Brief regering : Appreciatie tussentijdse evaluatie van het Natuur- en Milieubeleidsplan Caribisch Nederland
33 576 Natuurbeleid
26 407
Biodiversiteit
Nr. 461
BRIEF VAN DE STAATSSECRETARIS VAN LANDBOUW, VISSERIJ, VOEDSELZEKERHEID EN NATUUR
Aan de Voorzitter van de Tweede Kamer der Staten-Generaal
Den Haag, 8 juli 2025
In 2020 is het Natuur- en Milieubeleidsplan Caribisch Nederland 2020–2030 (NMBP)1 in het leven geroepen. Met deze brief informeer ik de Kamer over de stand van zaken
en de uitvoering van dit plan.
De biodiversiteit in Caribisch Nederland is van uitzonderlijke waarde. Er zijn maar
liefst 130 soorten specifiek voor het gebied en 143 internationaal bedreigde soorten.

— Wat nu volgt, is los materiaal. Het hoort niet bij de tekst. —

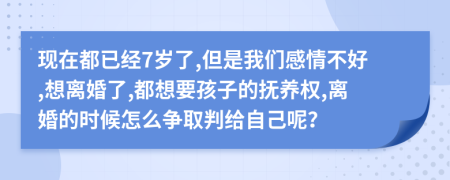 现在都已经7岁了,但是我们感情不好,想离婚了,都想要孩子的抚养权,离婚的时候怎么争取判给自己呢？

Het gebied herbergt een schat aan natuurlijke hulpbronnen die de inwoners – maar ook
de regio en de rest van de wereld – tal van diensten op ecologisch, cultureel en economisch
vlak bewijst. Deze unieke kwaliteit vergt behoedzaam beheer en verdient de constante
aandacht van de Nederlandse overheid, want de biodiversiteit in Caribisch Nederland
staat onder druk. Ook uw Kamer volgt de ontwikkelingen daar nauwgezet. Op 20 april
2020 is het (NMBP)) aan uw Kamer aangeboden. Met dit plan is ingezet op de bescherming
en herstel van de biodiversiteit op land en in water, waaronder het koraal van Caribisch
Nederland en daaraan gelieerde voedselzekerheid en zelfredzaamheid. Het NMBP is onder
andere opgesteld als invulling van de motie van De Groot/Bromet over een integraal
reddingsplan voor het koraal2 in het Caribisch deel van Nederland. Het NMBP is als integraal plan voor de natuurlijke
leefomgeving en het milieu in Caribisch Nederland vastgesteld door de ministeries
van Landbouw, Visserij, Voedselzekerheid en Natuur (LVVN), Infrastructuur en Waterstaat
(IenW) en Binnenlandse zaken en Koninkrijksrelaties (BZK). De uitvoering is verdeeld
in twee fasen: 2020–2024 en 2025–2030. Het NMBP is daarnaast ook een National Biodiversity
Strategy and Action Plan (NBSAP) voor Caribisch Nederland, zoals afgesproken onder
het Biodiversiteitsverdrag. Vanwege de slechte staat van de instandhouding, heeft
het kabinet Rutte IV in totaal 42 miljoen Euro vrijgemaakt voor verbetering van de
biodiversiteit voor de uitvoering van de eerste fase van het NMBP.
Hierbij bied ik uw Kamer, mede namens de staatssecretarissen van IenW en Digitalisering
en Koninkrijksrelaties, de tussentijdse evaluatie van het NMBP aan. Tevens stuur ik
u hierbij de «Staat van de natuur Caribisch Nederland 2024». Beide rapporten zijn
ter lering en ondersteuning voor de uitvoering van fase 2 van het NMBP. Voor deze
tweede fase en de periode na 2030 zijn vanuit het Rijk geen aanvullende financiële
middelen beschikbaar.
Waarde voor de samenleving
De biodiversiteit boven en onder water vormt een essentiële randvoorwaarde voor de
voedselzekerheid, zelfredzaamheid, welzijn en de welvaart van Caribisch Nederland.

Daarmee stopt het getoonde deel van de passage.